Pole Sins - Commissioned work
Brand identity refresh - CASE STUDY
Pole Sins is an Australian-owned brand specialising in high-quality pole dancing footwear and accessories. With collections ranging from Stardust to Untamed, the brand caters to a wide spectrum of pole dancers, from performance-focused to fashion-forward. Pole Sins maintains an active presence on Instagram, engaging with their community and showcasing their products.
The goal of this project was to refresh the Pole Sins brand identity while honouring its confident, empowered foundation.
The Brief
Pole Sins wanted to evolve their visual identity into something that felt: Cool-girl, but elevated | Bold and confident without being flashy | “Baddie” energy with class and sophistication. The challenge was finding the balance between strength and elegance, creating something refined, modern, and high-end, without losing the brand’s unapologetic edge.
The Brief
Idea Generation and Early Direction
To ground the creative process, I began with broad word associations, exploring how the brand could feel before deciding how it should look. Themes that consistently surfaced were: Unapologetic · Effortless · Rebellious · Empowered · Magnetic · Refined. From these explorations, two distinct creative directions emerged.
CONCEPT ONE
Brand Idea: Embracing New Forms - Emotive values: Unapologetic, Effortless, Rebellious - This direction focused on balance, controlled experimentation, elegance with edge, and subtle confidence.
CONCEPT TWO
Brand Idea: New Age Baddie - Emotive values: Brat, Allure, Empowerment - This concept leaned further into attitude and disruption, pushing the boundaries of legibility and form.

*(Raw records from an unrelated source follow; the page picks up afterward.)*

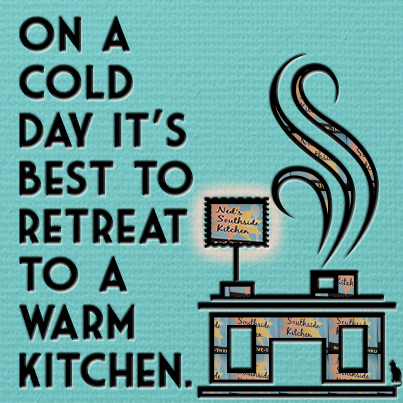 Neds_Kitchen's tweet photo. Time to warm up #StAugustine http://t.co/Iu1lzBvOL2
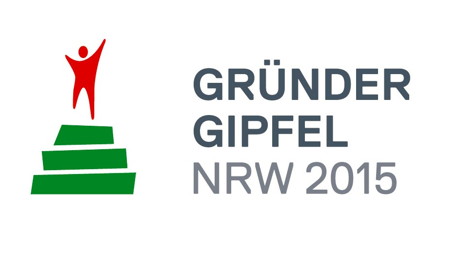2015_Gruendergipfel_NRW_Logo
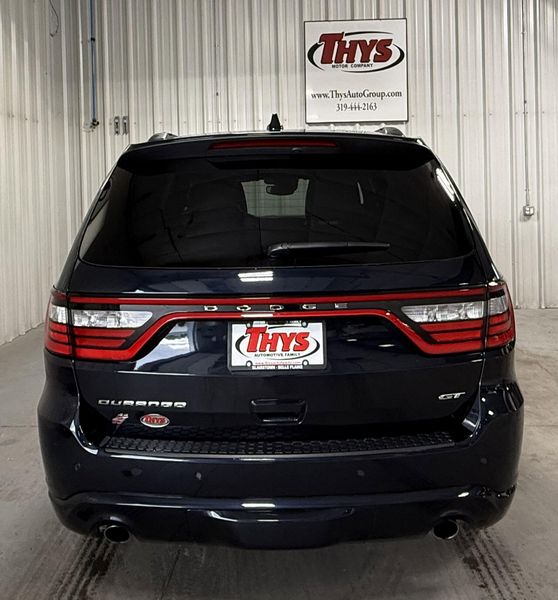 Used 2024 Dodge Durango GT PlusImage 4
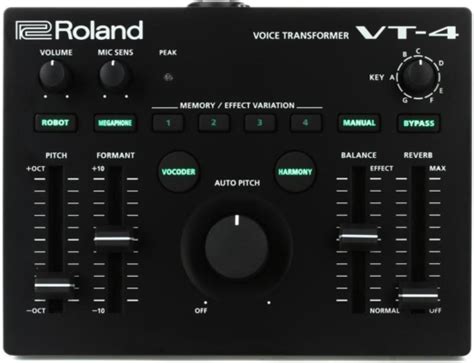 Finding the Best Vocal Processors and Pedals in 2024 - MusicVibe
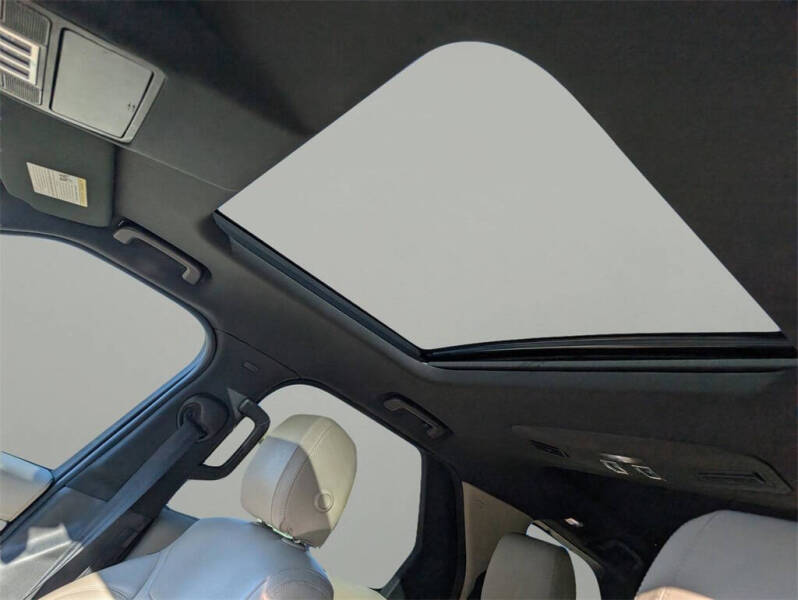 2019 Land Rover Discovery HSE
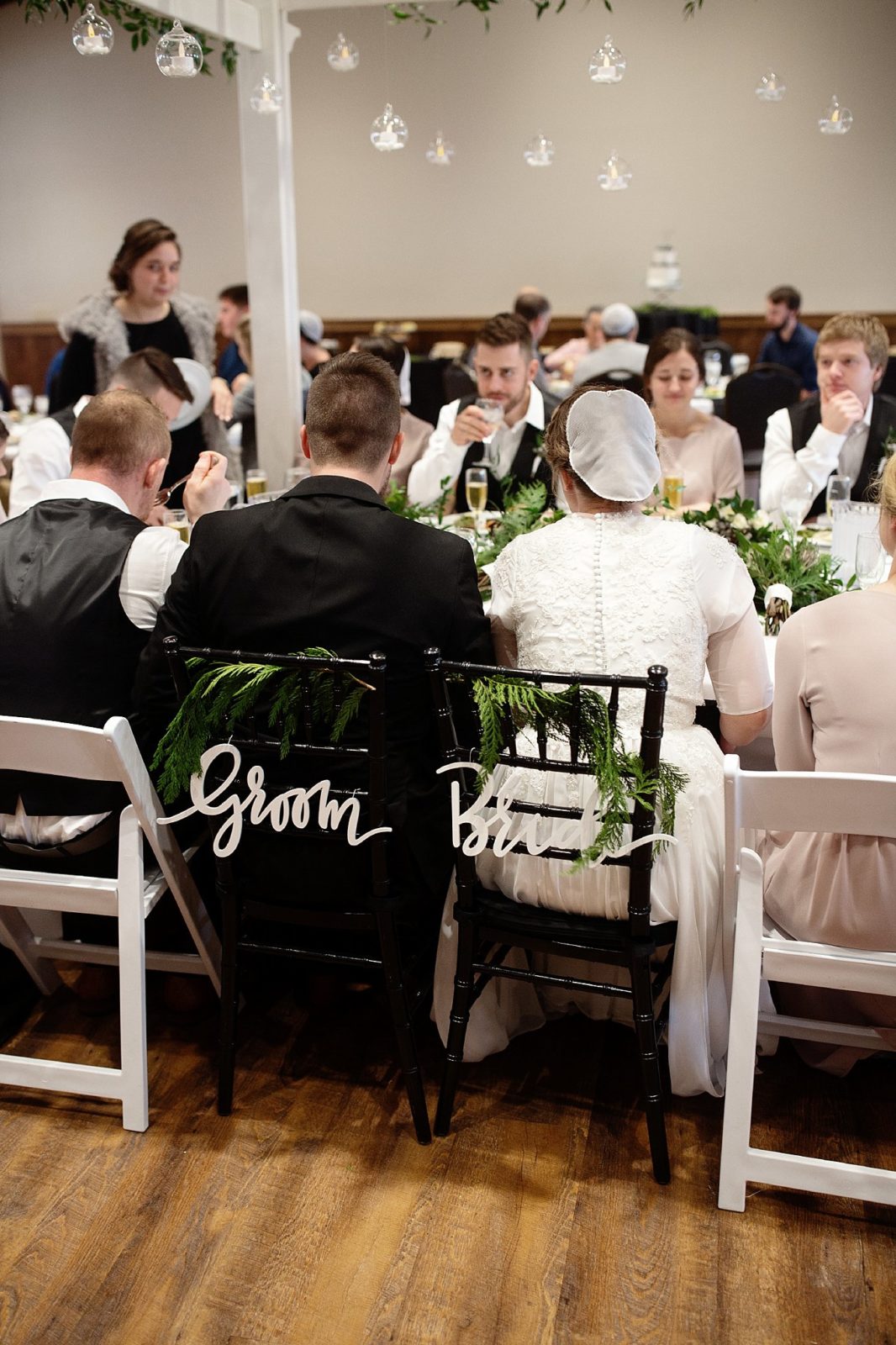 LANCASTER CHRISTMAS TREE FARM WEDDING KARISSA + TYLER Janae Rose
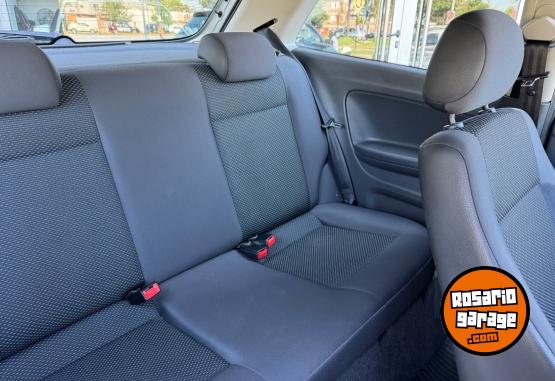 Autos - Volkswagen GOL TREND 1.6 3P 2016 Nafta 90000Km - En Venta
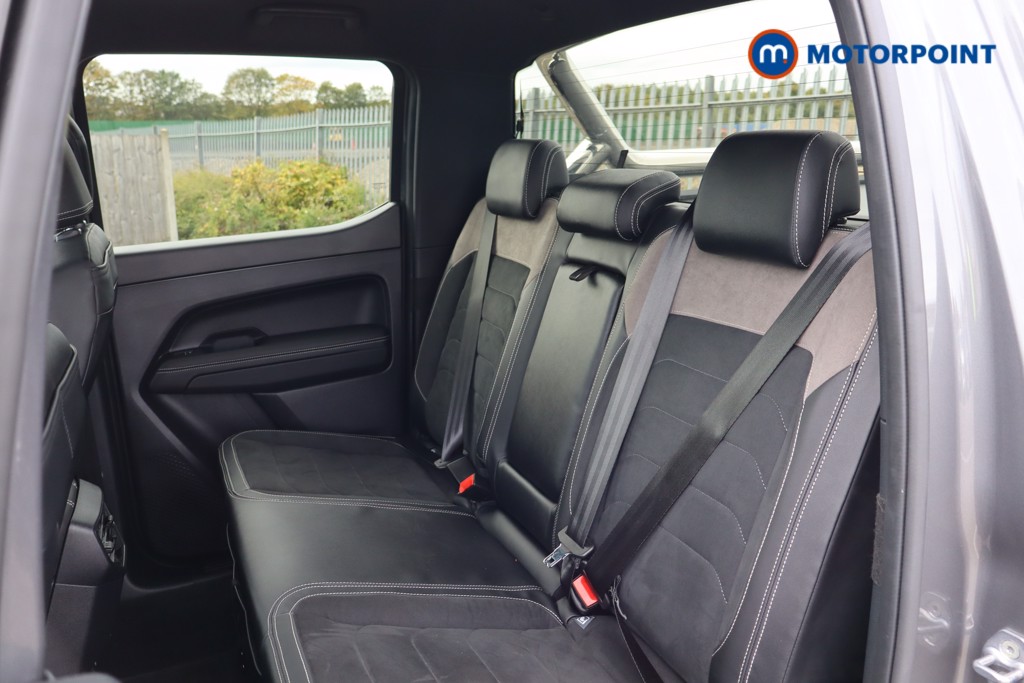 Volkswagen Amarok Style Automatic Diesel Double Cab Pick-Up - Stock Number (1585028) - 23rd supplementary image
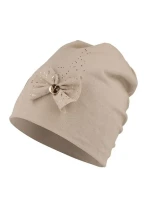 Dievčenská čiapka AJS 50-060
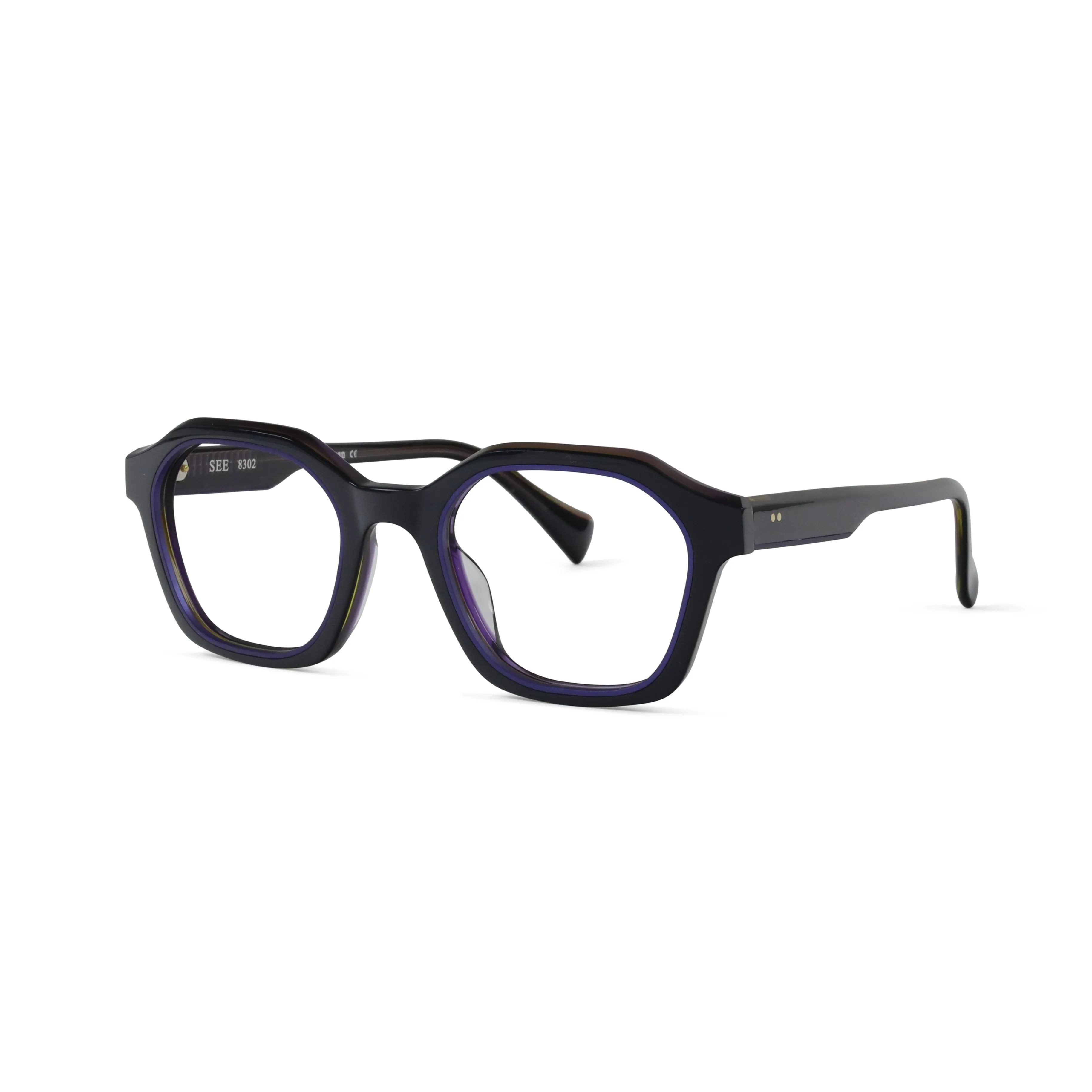 SEE 8302 sold by SEE Eyewear product image thumbnail 2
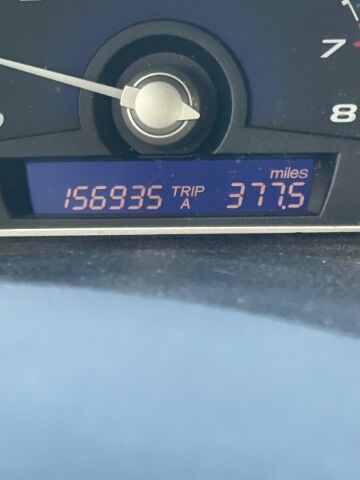 2010 Honda Civic DX-VP Sedan 5-Speed Sandy UT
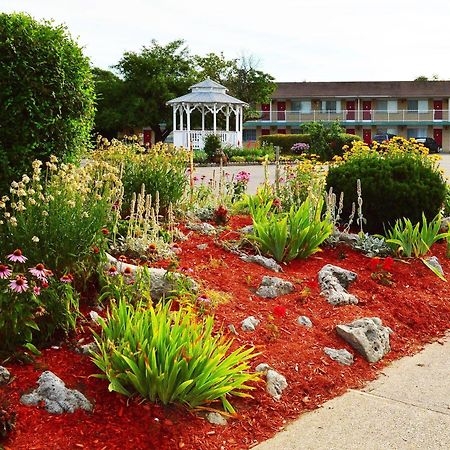 Rockwell Resort Niagara Falls Exterior foto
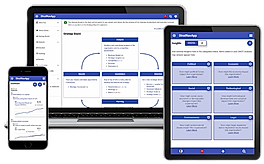MultiDevice Transparent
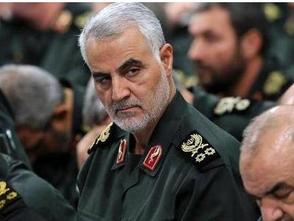 蘇萊曼尼周年紀(jì)念日臨近，伊朗的報(bào)復(fù)&ldquo;在路上&rdquo;？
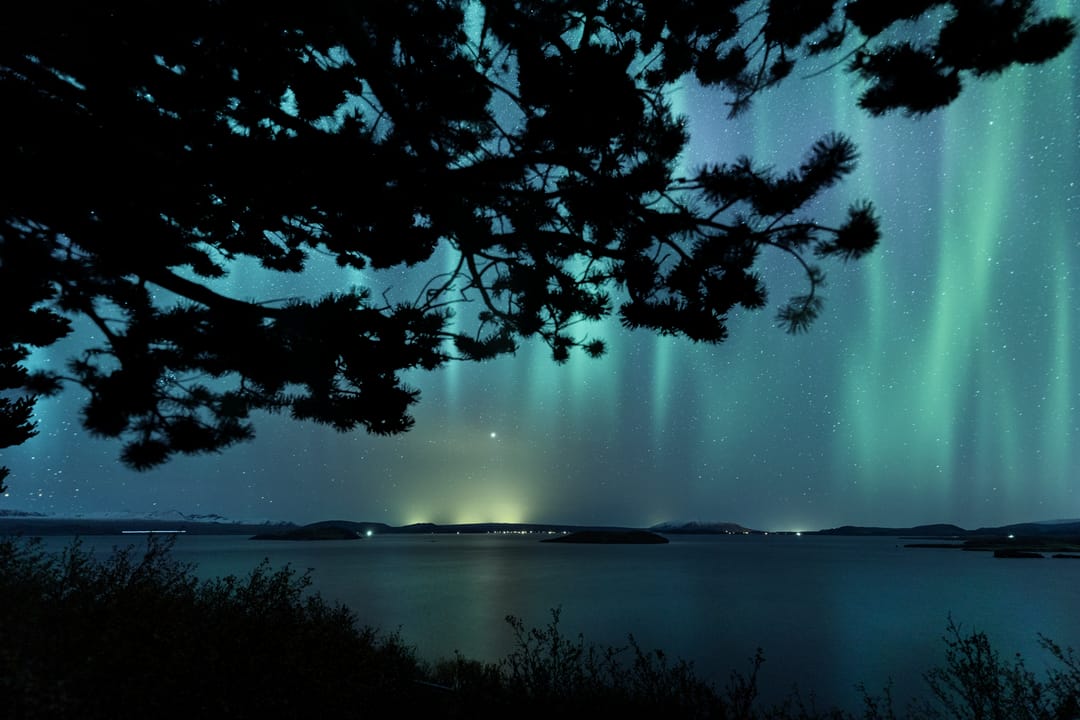 Thingvallavatn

This concept explored distortion as a visual language.
The design was created using a warped and blurred version of Arial, a deliberate nod to the album artwork of Charli XCX’s Brat. The goal was to capture that raw, bold energy while still maintaining legibility.
The melted effect was designed to intrigue and disrupt expectation, symbolising empowerment through unconventional forms. A focal point at the dot of the “i” and the foot of the “l” subtly referenced a pole at the centre of the design, adding a layer of symbolism without being overt.
“Beautifully unconventional, distortion within the bounds of legibility.”
This concept extended into a broader typographic system using Arial and PT Mono, creating simple layouts displayed in unexpected ways. While visually striking, this direction ultimately pushed further into experimental territory than what the final brand needed.